Певунову повезло с соседом по палате. Куприянов Михаил Федорович, полковник в отставке, был человек замкнутый, изысканно вежливый, они с Певуновым с первого дня почувствовали друг к другу взаимную симпатию. Полковник осенью пережил второй инфаркт.

— Вам тут понравится, — уверил он Певунова. — Я тут почти каждый год «реабилитируюсь» — отличное место. Кормят сносно, обслуживание на высоком уровне, а главное — настоящих больных раз-два — и обчелся. А то, знаете ли, отдыхать в обществе инвалидов — тяжкое испытание.

— Но ведь это санаторий?

— Да, санаторий. Но лечатся здесь в основном от затяжного ничегонеделания. Вы обратили внимание, как здесь много скучающих пожилых дамочек?

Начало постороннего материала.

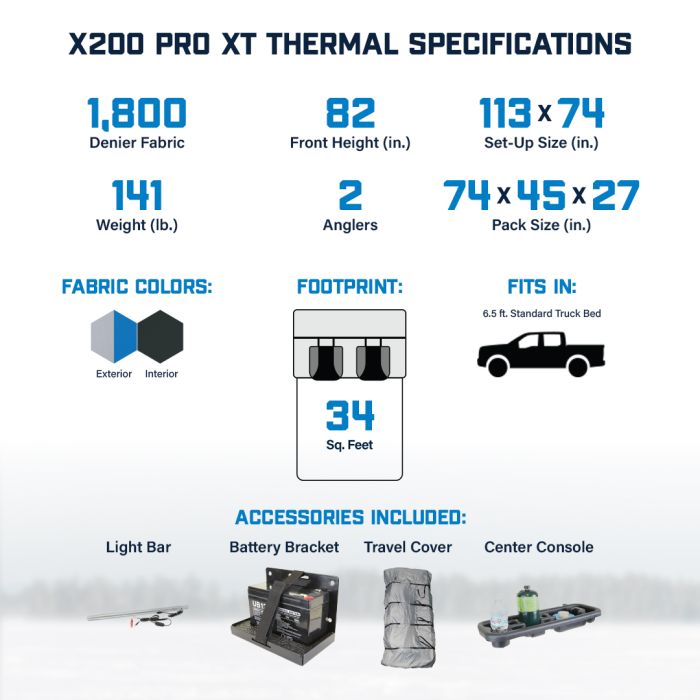 Clam X200 XT Pro Thermal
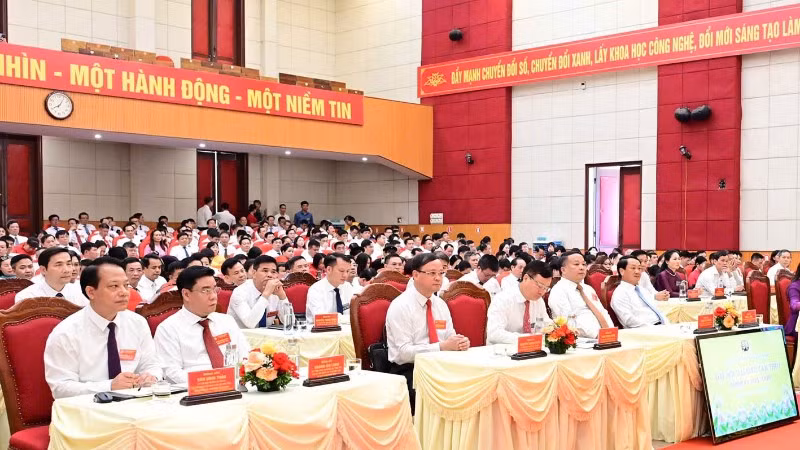 Toàn cảnh đại hội.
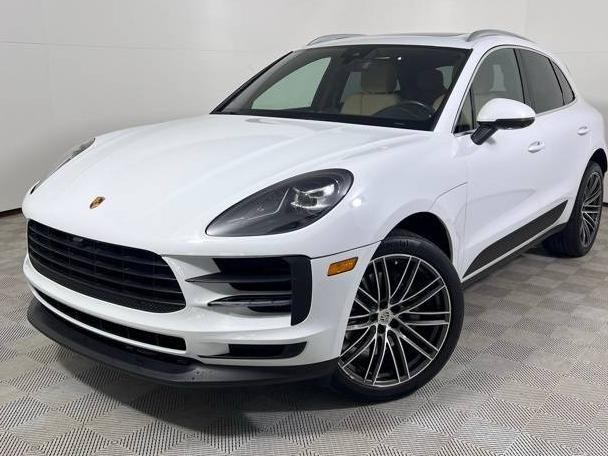 PORSCHE MACAN 2021 WP1AB2A55MLB36809 image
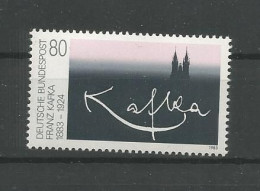 DBP 1983 Kafka Centenary  Y.T. 1010 ** - Neufs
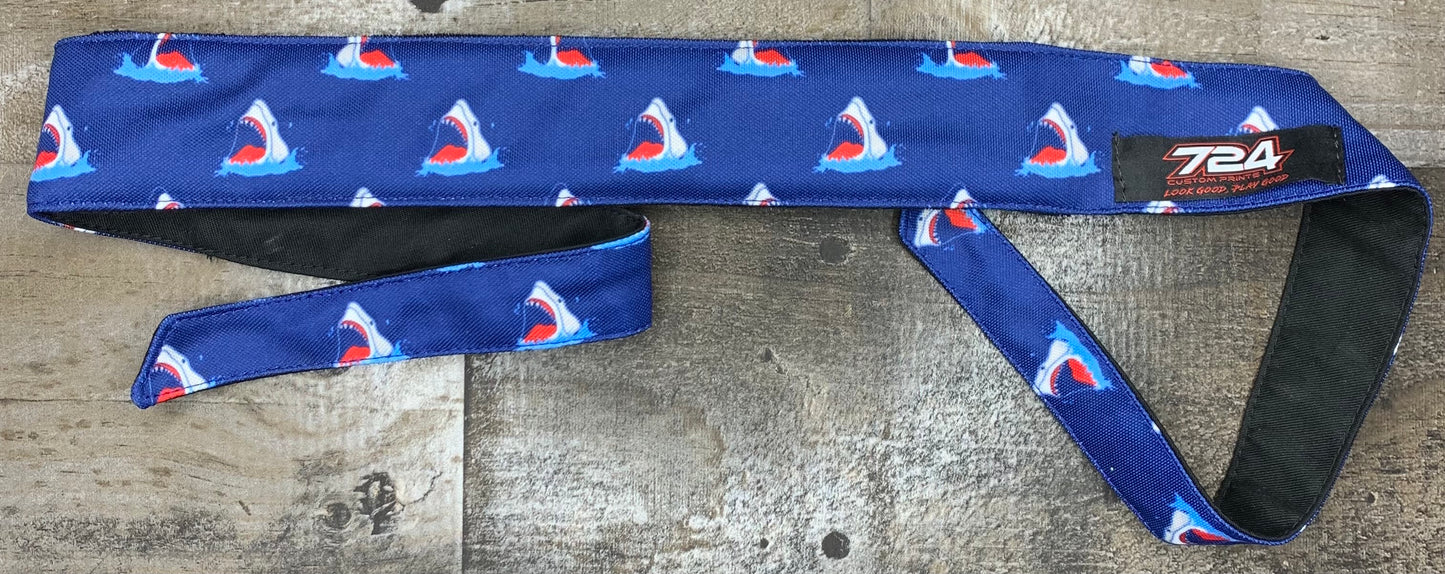 Shark Attack Headband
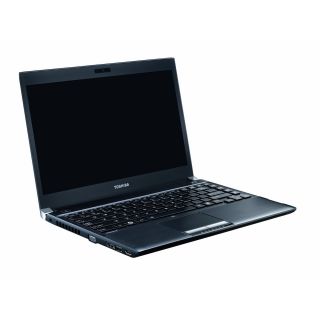 Toshiba Portégé R700 173 33,7 cm Notebook schwarz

— Трудно не заметить. А кто это?

— Бог его знает. Жены и родственницы чьи-нибудь. Нуждаются они в санаторном уходе не более, чем гренадеры. Я склонен думать, не они здесь отдыхают, а кто-то там дома от них отдыхает.

В глазах полковника мелькнула смешливая искорка. Певунов улыбнулся в ответ. Ему нравились люди, которые шутят, имея за плечами два инфаркта. Он лишь опасался, что полковник ночью станет храпеть, но, оказалось, Михаил Федорович спал тихо, как девушка, и только иногда поскрипывал во сне зубами. В столовой они заняли общий столик. Третий с ними сидела драматическая актриса Ирина Савчук, женщина лет сорока пяти. Представляясь, она назвала себя Ирой, а на вопрос об отчестве досадливо поморщилась: «Неужели я такая старая?» Четвертый сотрапезник, юный атлет Виктор, появился за столом всего один раз, потом его прибор всегда оставался нетронутым, где он питался — неизвестно. Но и один совместный обед с атлетом Виктором оставил неизгладимое впечатление. Этот малый был, пожалуй, здоровее всех здоровых парней, которых Певунов встречал когда-либо. Он смолотил три тарелки борща и выпросил у разносчицы два добавочных шницеля, уверяя, что он малокровный и ему положено. Победительно гогоча, рассказал парочку анекдотов такого свойства, что после каждого актриса Савчук вынуждена была делать вид, что уходит из-за стола, и кокетливо просила: «Мужчины, скажите же что-нибудь этому юному наглецу!» Атлет заливался так, что посуда дребезжала на соседних столиках.